Introducing ML package of PySpark

Predict chances of infant survival with ML

Load the data

First, we load the data.



In [ ]:

    
import pyspark.sql.types as typ

labels = [
    ('INFANT_ALIVE_AT_REPORT', typ.IntegerType()),
    ('BIRTH_PLACE', typ.StringType()),
    ('MOTHER_AGE_YEARS', typ.IntegerType()),
    ('FATHER_COMBINED_AGE', typ.IntegerType()),
    ('CIG_BEFORE', typ.IntegerType()),
    ('CIG_1_TRI', typ.IntegerType()),
    ('CIG_2_TRI', typ.IntegerType()),
    ('CIG_3_TRI', typ.IntegerType()),
    ('MOTHER_HEIGHT_IN', typ.IntegerType()),
    ('MOTHER_PRE_WEIGHT', typ.IntegerType()),
    ('MOTHER_DELIVERY_WEIGHT', typ.IntegerType()),
    ('MOTHER_WEIGHT_GAIN', typ.IntegerType()),
    ('DIABETES_PRE', typ.IntegerType()),
    ('DIABETES_GEST', typ.IntegerType()),
    ('HYP_TENS_PRE', typ.IntegerType()),
    ('HYP_TENS_GEST', typ.IntegerType()),
    ('PREV_BIRTH_PRETERM', typ.IntegerType())
]

schema = typ.StructType([
    typ.StructField(e[0], e[1], False) for e in labels
])

births = spark.read.csv('births_transformed.csv.gz', 
                        header=True, 
                        schema=schema)

Create transformers



In [ ]:

    
import pyspark.ml.feature as ft

births = births \
    .withColumn(       'BIRTH_PLACE_INT', 
                births['BIRTH_PLACE'] \
                    .cast(typ.IntegerType()))

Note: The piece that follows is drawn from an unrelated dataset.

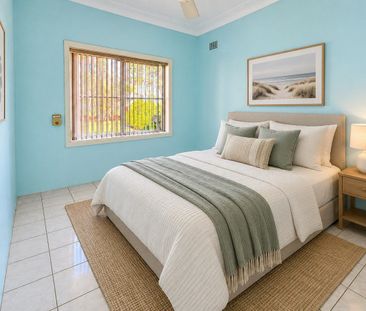 Comfortable 3-Bedroom Family Home with Two Bathrooms - Photo 6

Having done this, we can now create our first Transformer.



In [ ]:

    
encoder = ft.OneHotEncoder(
    inputCol='BIRTH_PLACE_INT', 
    outputCol='BIRTH_PLACE_VEC')

Let's now create a single column with all the features collated together.



In [ ]:

    
featuresCreator = ft.VectorAssembler(
    inputCols=[
        col[0] 
        for col 
        in labels[2:]] + \
    [encoder.getOutputCol()], 
    outputCol='features'
)

Create an estimator

In this example we will (once again) us the Logistic Regression model.



In [ ]:

    
import pyspark.ml.classification as cl

Once loaded, let's create the model.



In [ ]:

    
logistic = cl.LogisticRegression(
    maxIter=10, 
    regParam=0.01, 
    labelCol='INFANT_ALIVE_AT_REPORT')

Create a pipeline

All that is left now is to creat a Pipeline and fit the model. First, let's load the Pipeline from the package.



In [ ]:

    
from pyspark.ml import Pipeline

pipeline = Pipeline(stages=[
        encoder, 
        featuresCreator, 
        logistic
    ])

Fit the model

Conventiently, DataFrame API has the .randomSplit(...) method.



In [ ]:

    
births_train, births_test = births \
    .randomSplit([0.7, 0.3], seed=666)

Now run our pipeline and estimate our model.



In [ ]:

    
model = pipeline.fit(births_train)
test_model = model.transform(births_test)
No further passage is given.